Queen Sized

"Queen Sized" is the true story of an overweight teen who takes a stand against bullying when she's nominated for homecoming queen as a joke and decides to take a shot at the crown anyway.

Nikki Blonsky plays an overweight high school student spurned for being different from her peers. Ultimately, she finds acceptance, glory and the hint of romance with a dimple-cheeked guy, all without surrendering pride to the body-image police.
“Queen Sized,” premiering at 9 p.m. today on Lifetime, isn’t “Hairspray,” but it has elements in common – at least, on the surface – with last summer’s hit film. For that $200 million blockbuster, Blonsky was nominated for a Golden Globe, which will be announced Sunday night.

Unlike “Hairspray,” which was set in 1962, “Queen Sized” takes place in present-day South Carolina, where Blonsky is Maggie Baker, a plus-size high school senior who has always pitied herself for not being skinny, pretty or wealthy. When her name turns up on the list of nominees for the homecoming court as a prank, she’s mortified.

The film was inspired by the true story of a suburban Detroit teen who in 2004 spurred a national dialogue about a type of teen bullying: students voting less-popular peers onto homecoming courts in order to mock them.

“I don’t easily give out these numbers, but I can tell you that I’m not a size 0 … and I’m not a size 6 … and I’m not even a size 10,” Blonsky said with a laugh into her cell phone. The Long Island teen was en route to the airport for a flight to California, where she was receiving the Rising Star Award at the 2008 Palm Springs International Film Festival.
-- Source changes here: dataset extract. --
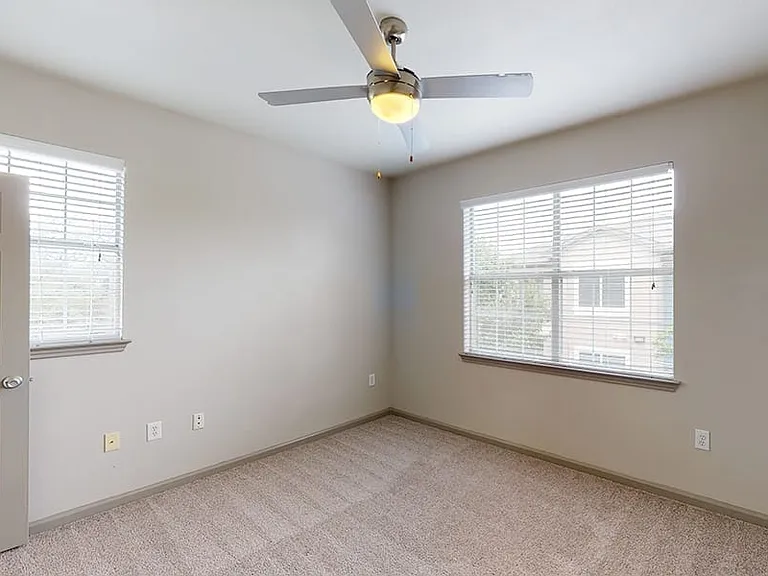 Spacious apartment bedroom with plush carpet flooring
The topic of Blonsky’s dress size has come up in response to a question about whether the 19-year-old can, should or even wants to build a film career playing the girl who is noticed primarily for her weight. Blonsky won’t be specific about her weight and says that dress size remains solely the purview of her stylist.

“I don’t know what size dress I wear,” she says.

Though this is her second screen spin focusing on size, Blonsky says, “You can only be typecast if you let yourself be.” She believes that if somebody’s writing parts for a plus-sized girl, then somebody has the opportunity to stand up and fill those shoes. “The reality is, if I can speak for them and be a part of their community, then I’m proud of it.”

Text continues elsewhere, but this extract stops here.